(Honduras) Honduras, uno Stato in crisi sulle rotte del narcotraffico (Matteo Villa, Meridiani, 20 febbraio 2013)
Dal 2009, anno del colpo di Stato che ha destituito il presidente Manuel Zelaya, la situazione economica e sociale honduregna è nettamente peggiorata. Negli ultimi due anni ci sono stati spiragli di ripresa economica due anni (+3,8% nel 2012), ma l’Honduras rimane tra i paesi più poveri dell’America centrale, con un Pil pro capite che raggiunge appena i 4.600 dollari.
L’Honduras si trova in una posizione geografica favorevole, porto naturale per le rotte atlantiche e potenziale corridoio per le merci e gli scambi verso il nord America. Ma il paese non ha mai fatto da cerniera tra nord e sud America. I paesi dell’America centrale, ad eccezione del Messico, sono ancora lontani da stabilità e crescita. In Honduras le fasce più povere della popolazione non hanno guadagnato quasi nulla in termini di potere d’acquisto negli ultimi anni. Dati del 2012 dicono anche che il 20% della popolazione detiene oggi oltre il 59% della ricchezza nazionale, mentre il 10% rappresentato dalle classi più povere appena lo 0,4%.
Se si considera la valutazione data dall’indice di Gini, che misura la distribuzione del reddito di un paese, l’Honduras fa registrare un secco 57.7. Un dato negativo che lo posiziona tra i primi nove paesi al mondo con la disparità di reddito più ampia. La situazione non migliora se si considerano le valutazioni ottenute con l’indice di sviluppo umano delle Nazioni Unite (Human development index): l’Honduras si posiziona ultimo tra i paesi del continente americano. Secondo i dati della World Bank, quasi il 60% della popolazione honduregna vive sotto la soglia di povertà.

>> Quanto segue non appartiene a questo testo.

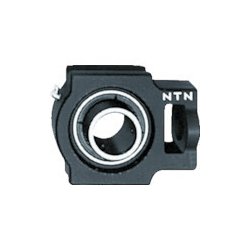 NTN G ベアリングユニット（テーパ穴形、アダプタ式）内輪径45mm全長145mm全高117mm UKT209D1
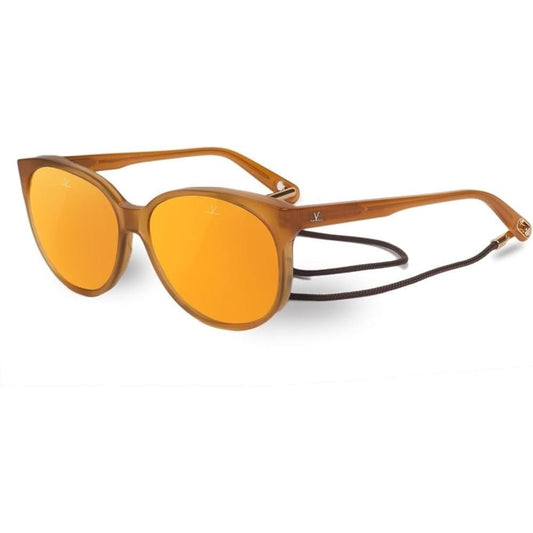 Vuarnet Brown Acetate Sunglasses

Mentre ad esempio Brasile e Cile, a partire dalla fine degli anni ’90, hanno varato programmi rivolti alla riduzione della povertà attraverso trasferimenti diretti di denaro alle fasce svantaggiate, nessun governo honduregno ha avviato una politica simile. L’Honduras non ha beneficiato del boom delle commodities, com’è successo invece alle grandi economie dell’area. Il paese esporta per la maggior parte caffè il cui prezzo è aumentato senza arrivare al livello di petrolio, rame e oro. Le entrate fiscali dello Stato si sono poi ridotte ulteriormente negli ultimi anni: dalle tasse l’Honduras guadagna appena il 18,4%, troppo poco per poter finanziare infrastrutture e servizi con una bilancia commerciale negativa. Il deficit fiscale ammonta al 3,9% del Pil ma non ha finanziato nessuna crescita industriale ed è il risultato di una macchina statale dispendiosa e di una politica profondamente corrotta.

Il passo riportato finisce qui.